I didn’t have the honor of meeting her. Would have liked to. Thanks to her contribution, there is a great institution in place that has impacted so many lives — children, families and professionals in the field. May she rest in peace.
Guadalupe Pasillas, Admin ’01, M.S. ’02
I had classes with Lorraine when I attended Erikson. I will always remember a story of hers which demonstrated that parenting will often require of us that which is most difficult for us to give, and that parents are not alone in trying to provide for their child’s well-being. It was a story of a couple, quiet and studious, who adopted a child — just as quiet and studious as they were. As these stories often go, the couple then had their own biological child — 8 pounds, howling at birth, and active from the start. For a number of years, the parents and child struggled to find the fit, and bond. A therapist suggested that the uncle, who was an active, boisterous person, be enlisted as a mentor — their son was going to be a big, loud man and he needed to know how to do that with grace, and it was OK that his parents didn’t know how to teach him that. The parents followed through, and the family struggle was over.

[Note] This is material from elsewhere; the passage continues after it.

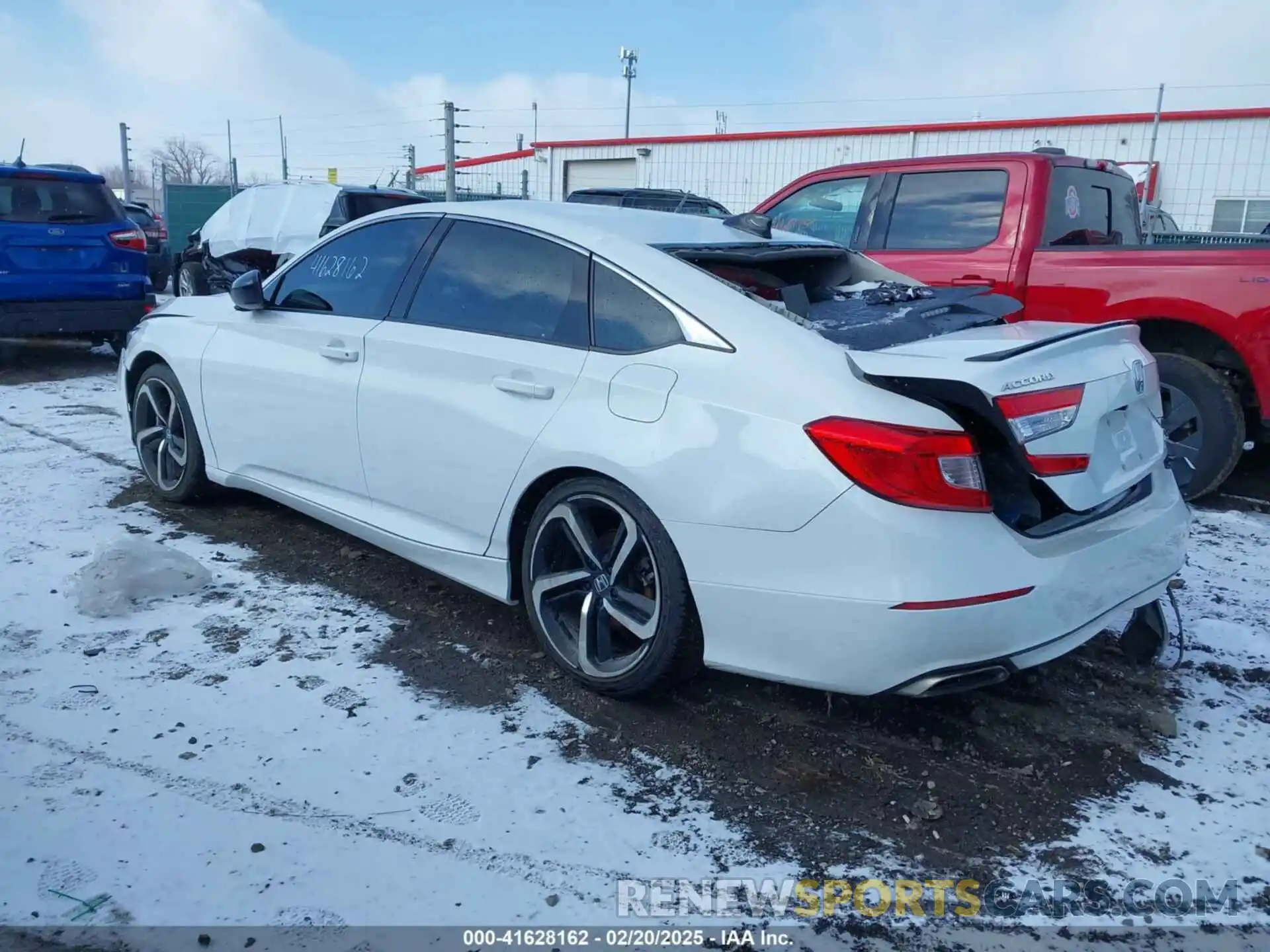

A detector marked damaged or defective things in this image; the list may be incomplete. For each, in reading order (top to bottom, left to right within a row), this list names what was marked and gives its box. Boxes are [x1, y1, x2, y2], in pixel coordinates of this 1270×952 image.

This story takes the pathology out of a natural occurrence (temperament mismatch), and puts in in perspective. As I work with families and children, I often think of this story — is what I am observing a natural occurrence or something more? I makes me move cautiously, slowly, and more respectfully. Lorraine was a marvelous teacher and it was an honor to have had her.
Ellen Chavez, M.Ed. ’86
Lorraine was my advisor when I was a student at Erikson. I’ll always remember her quirky sense of humor and great laughter!
Shelley Levin, M.Ed. ’78
Lorraine was a lovely professor who took an interest in each of her students.
Judy Bensinger-Haynes, M.Ed. ’88
It was November 30, 1982. I was nine months pregnant with my third child and was not due until the third week of December. I was on contract with the Human Services Institute of the City Colleges of Chicago which ended Nov. 30. I promised my supervisor, Betty Hutchison, that I would “make it” through the end of the DHS fiscal year. On November 30, I attended a Head Start parent event with Ella Jenkins performing. Lorraine was there and we were dancing and clapping to Ella. Lorraine made a few witty remarks about my pregnancy and offered to drive me home to Hyde Park in her small, I think it was yellow, Volkswagen. It was stick shift and bumpy. At two in the morning, my water bag broke and I was on my way to Lying Inn. Angela (named after Angela Davis) was born a few hours later. In subsequent years, I would see Lorraine walking her trusty dog and we would joke about my end of the contract experience and the early arrival of Angela. We were family at Erikson and all of the teachers were supportive of the students and met with us regularly.
In 1980, I saw Lorraine on the street in H.P. walking her dog of course, and she informed me that I wrote an excellent Comp. She boosted my confidence and I will never forget her taking time to compliment me personally. Years later, as director of CDA training at the City Colleges, I spoke to Lorraine, again while she was walking her dog, about a Pre-School Curriculum which was being implemented in many H.S. programs which I found to be too structured. With a smile she said, “And that too will pass” and it did! Lorraine had a wonderful way of putting life in perspective. I was happy to attend the last alumni event where Lorraine was honored and to have the opportunity to talk to her a bit and say Good-Bye. Good-bye to a teacher, friend and mentor.